Cruising Sailing - All kinds


I enjoyed some of your turns of phase and images of the sport. They reminded me of our fondest memories.

I submit for your interest another kind of cruiser, perhaps a little rare: the cruising trailer sailor. That is us. We trailer an 1978 O'Day 23 that we purchased used in '93 when my son was 5 and daughter 2. Since then we have sailed it every chance we can reasonably get.

Unlike the folks in your article we have never had the luxury of weeks of time off in a row. Nor, given financial priorities, can we afford the big boat in a slip and the take in / take out and storage charges. So the Fairwind has grown steadily into a pocket cruiser that allows us generally one to two weeks in the finest of the Great Lakes cruising grounds while still being able to get back to work on time.

We built a gin-pole rig and tabernacle that lets us get the boat fully rigged or de-rigged in about 30 minutes. The boat has had a galley stove, sink, pull-out almost double bed and large capacity porta-poti since the beginning. We have added a seriously road-worthy trailer, 9' Bombard dinghy and motor, auto-helm and finally refrigeration that lasts up to 3 - 4 days. My wife loves that part especially.

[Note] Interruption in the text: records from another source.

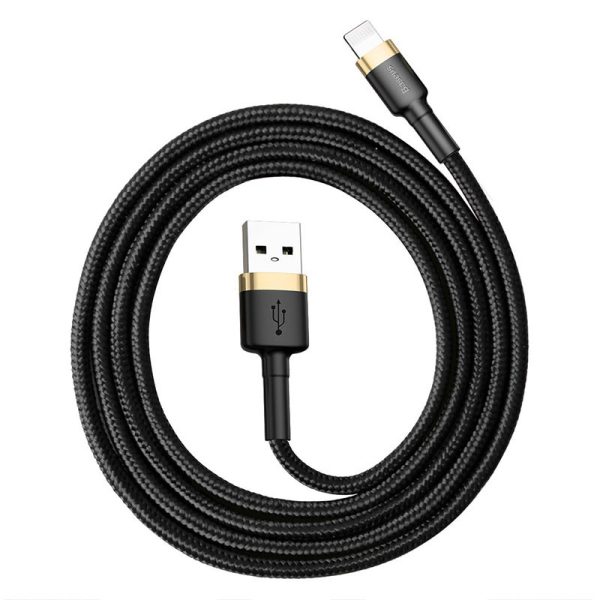 Дата кабель Baseus Cafule Lightning Cable 2.4A 1м (CALKLF-B) Чорний - Зображення 2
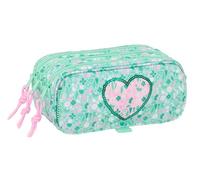 Safta Cuore - Astuccio triplo grande, astuccio per bambini, ideale per bambini in età scolastica, comodo e versatile, qualità e resistenza, 21,5 x 8 x 10 cm, Menta, M, Casual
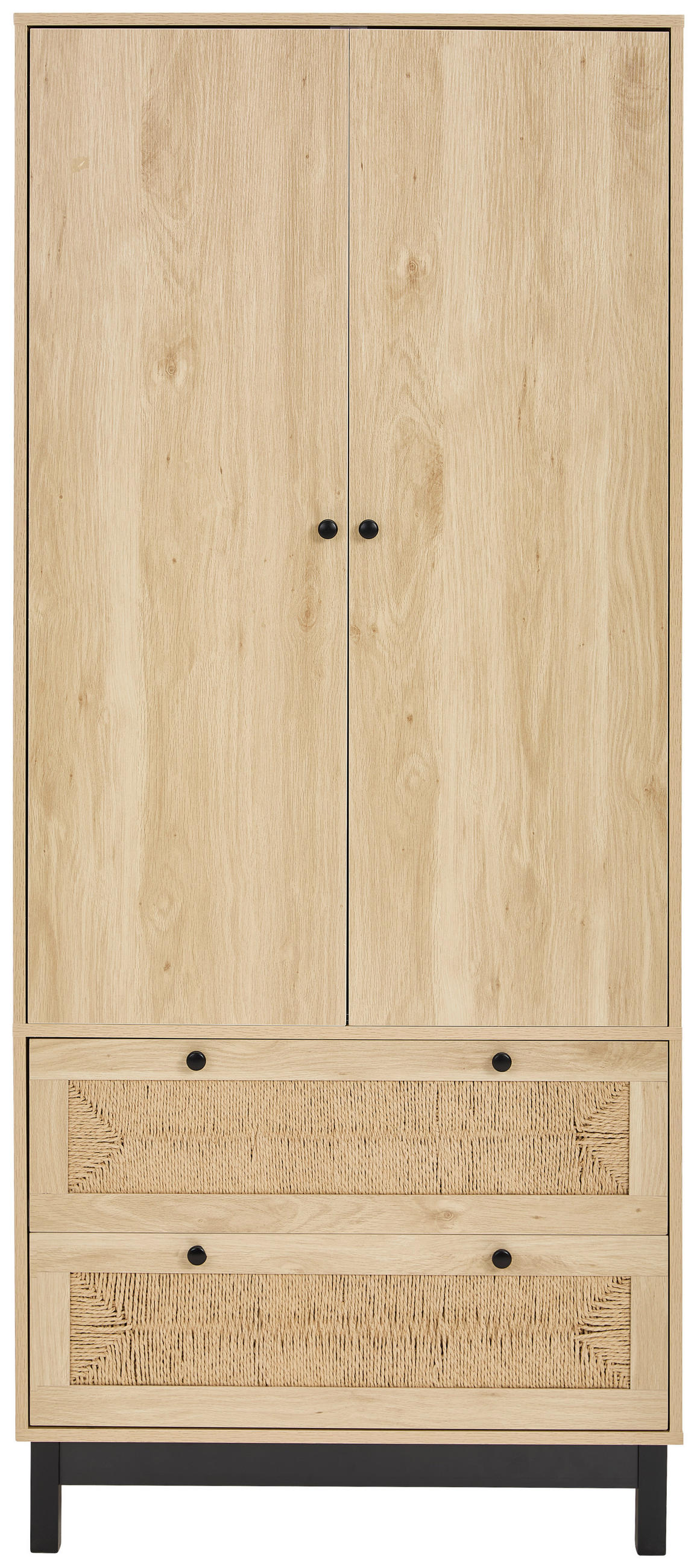 GARDEROBENSCHRANK  in 80/190/39 cm  - Schwarz/Naturfarben, Natur, Holz/Papier (80/190/39cm) - MID.YOU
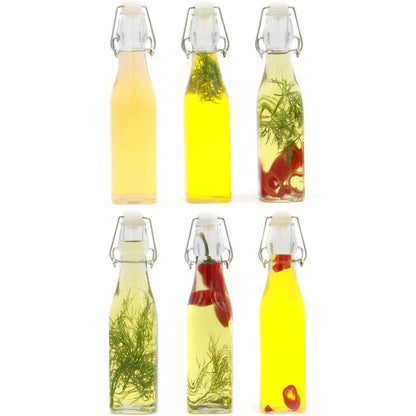 Maison & White Clip-Top Glass Bottles | Set of 6 × 500ml | Clear Swing-Top Kitchen Storage & Drinks Serving Bottles | 27.5cm Tall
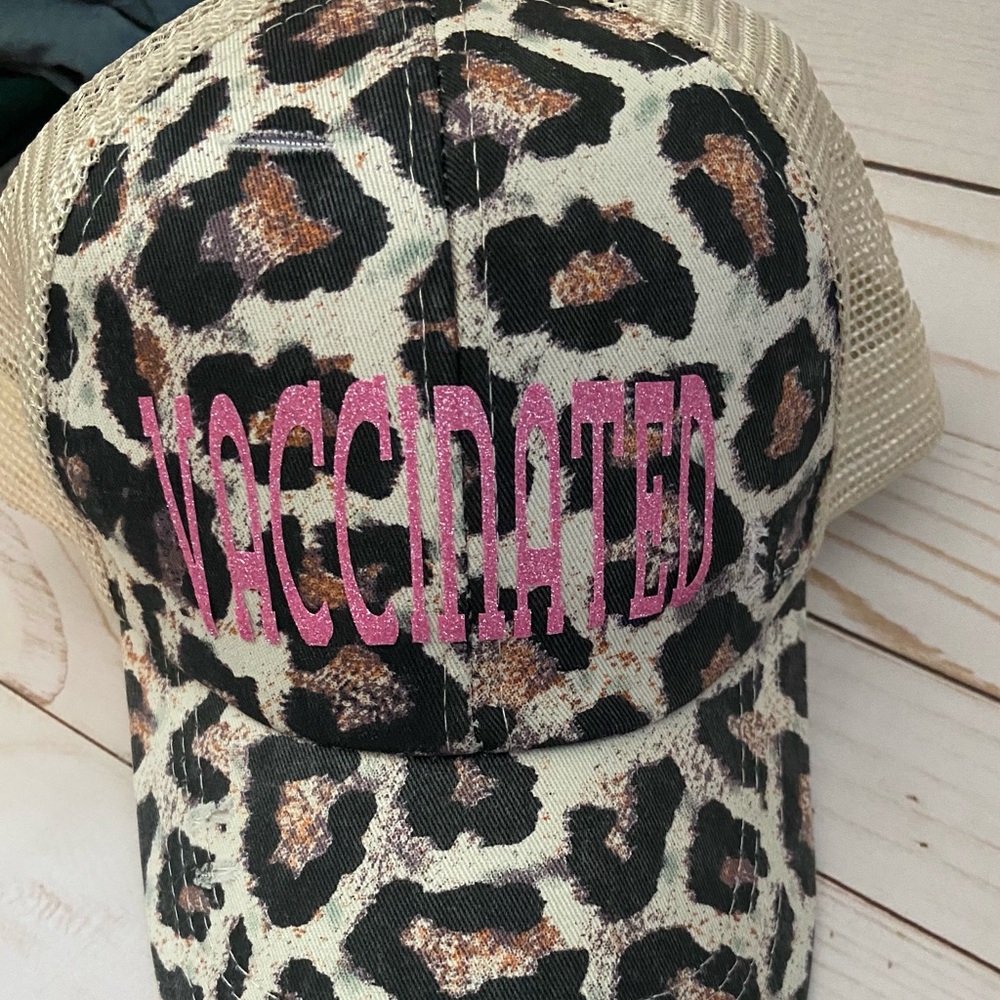 Vaccinated leopard print hat. New!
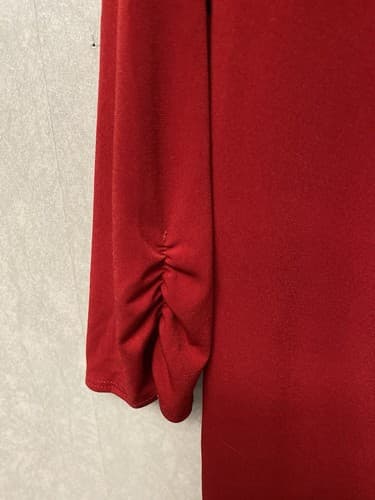 AGB Red Faux Wrap Blouse Size Large - Thumbnail 3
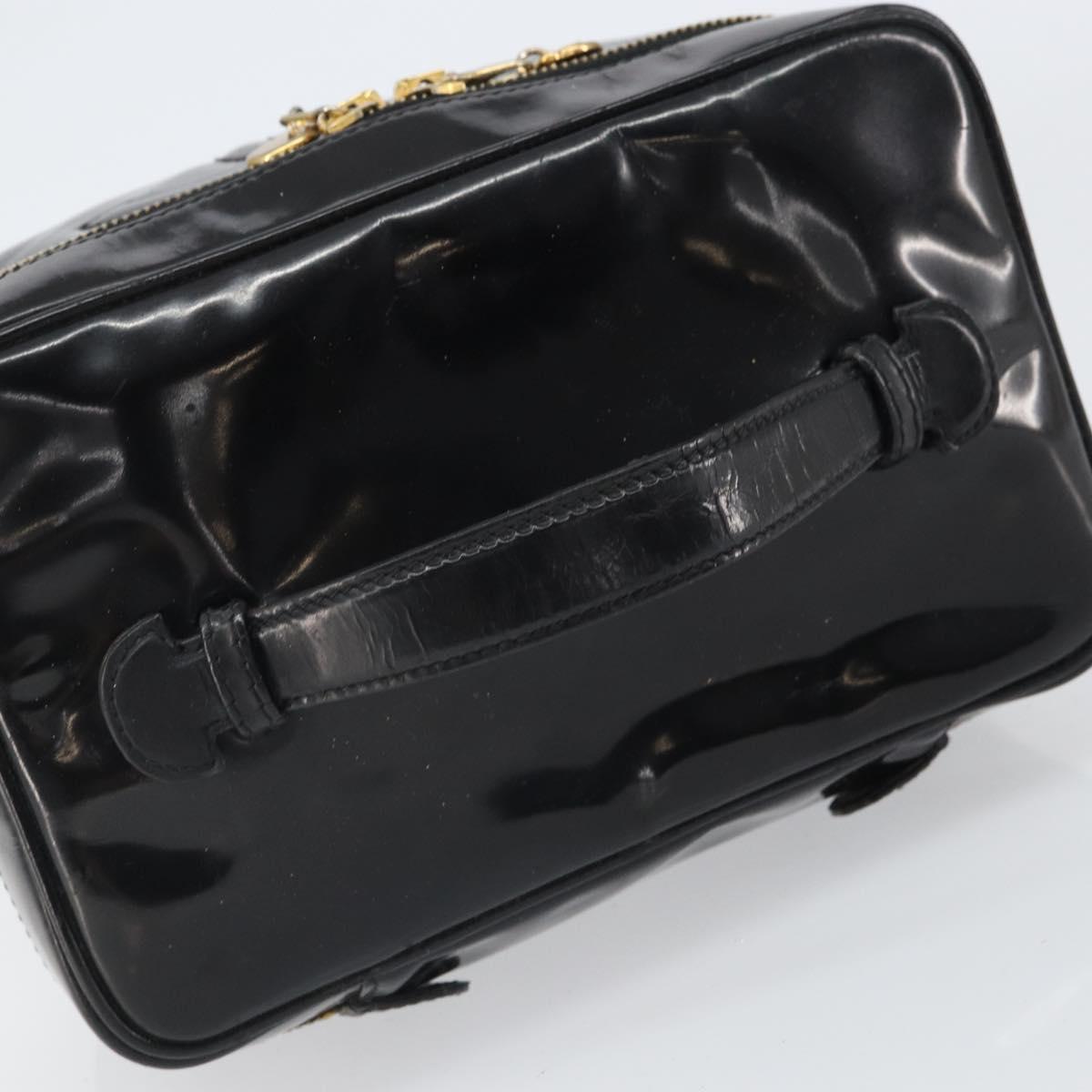CHANEL Vanity Pouch Patent leather Black Gold CC Auth fm5051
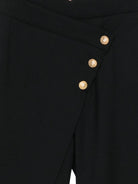 Pantaloni per bambina Balmain Kids neri con bottoni - Rubino Kids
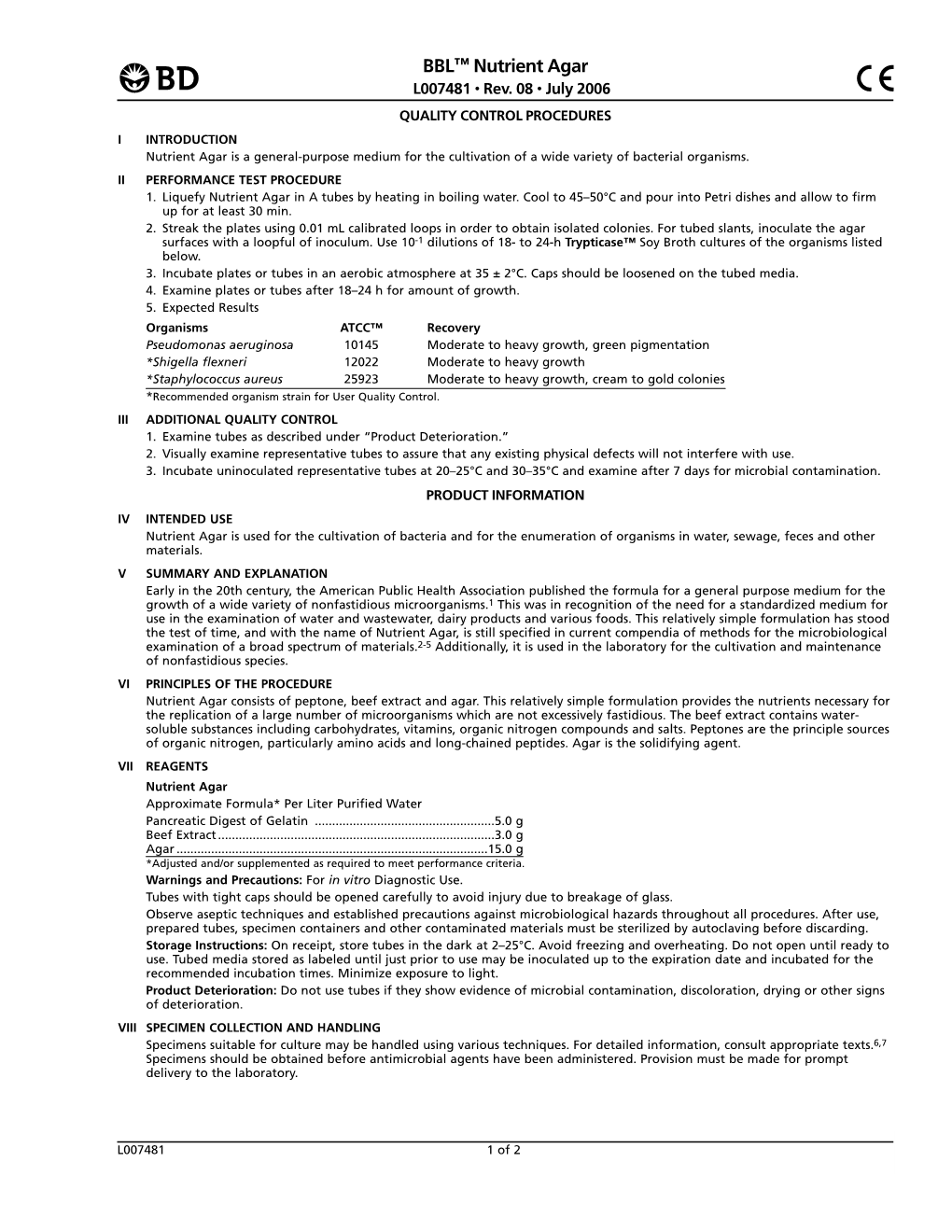 BBL Nutrient Agar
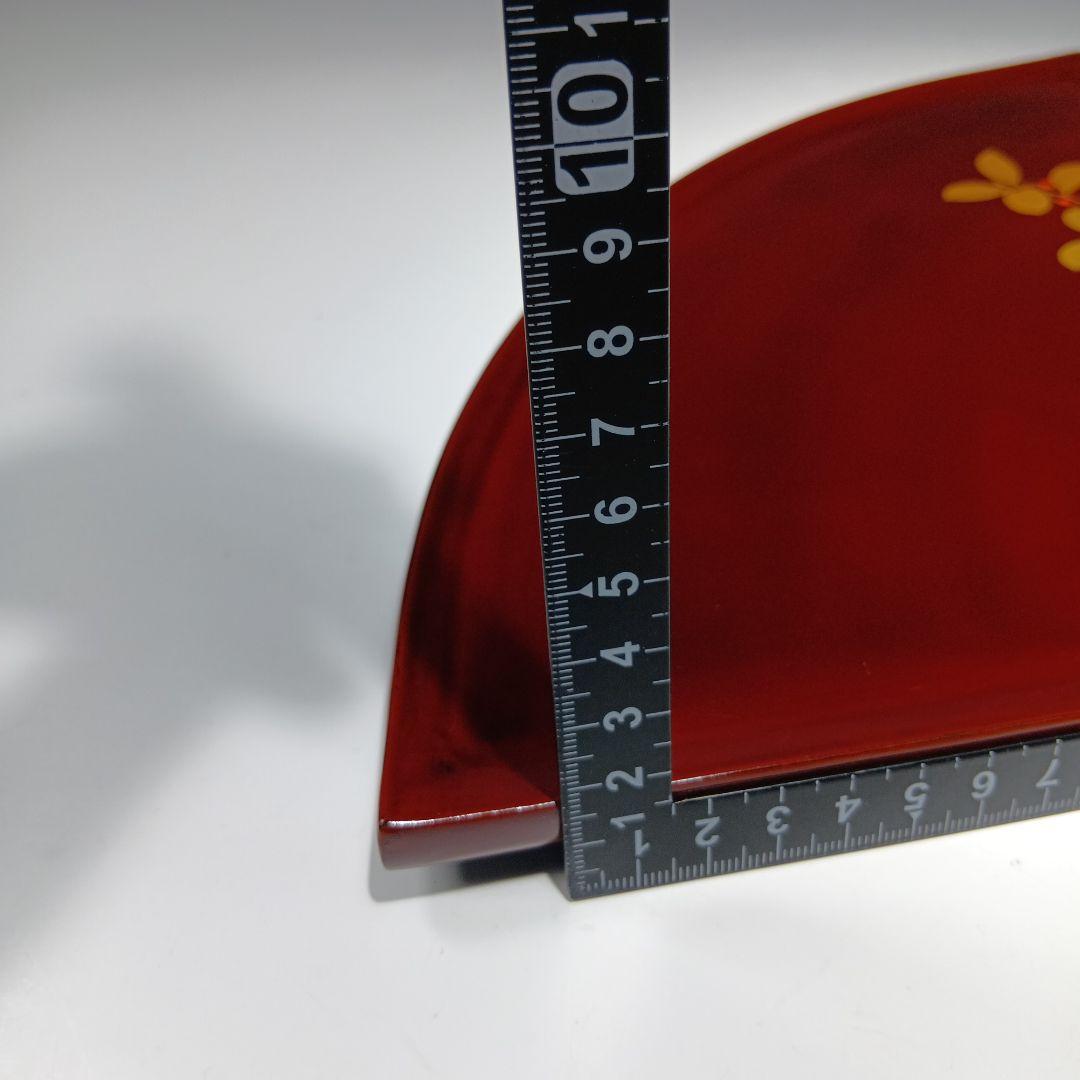 値下げ輪島塗　蒔絵扇面形　お盆　菓子器皿　 共箱　美品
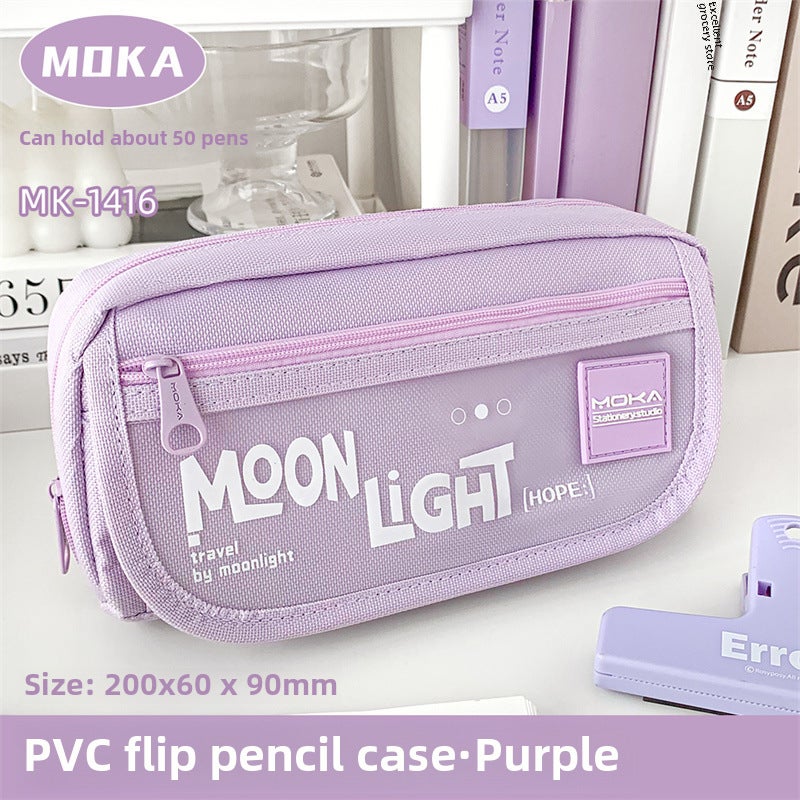 Large Capacity Canvas Pencil Case for Students Purple/large capacity three-layer flip cover/can hold 50 pens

Planning cooking and consuming generally elegant meals each evening along with wine makes the trips especially memorable.

We have trailer to the North Channel three times, sailed down the west coast of Michigan, many trips to the islands, last year being to the Foxes for the first time. Our 2010 trip was a circumnavigating the Keweenaw Peninsula. This was a spectacular and a little scary adventure. Once committed on the big lake in a small centerboarder (albeit with heavy short keel and proper reefing) you are really committed: No stopping for as much as 36 miles of rock-bound shore and sometimes too much wind. Beautiful, wild and lonely like no other place we have cruised. I went to school at Tech so once back in the canal it was like old home week.

Anyway, I just wanted to point out that, if one is committed to the life of cruising but has limited time and means there is another way. Surely it is a hybrid and we have limitations, mostly in the upwind direction. Nevertheless we have had 18 years of wonderful memories that we would not want to give up waiting for that big boat some day.

I don't know if this is publishable in some way. Perhaps not. But I thought you would like the story, anyway.

Art Schubert, Jr. and Linda
Traverse City

P.S. If you know of the perfect, launchable trailer boat model with 5'10 headroom we would appreciate hearing about it. Wwe would like to upgrade someday.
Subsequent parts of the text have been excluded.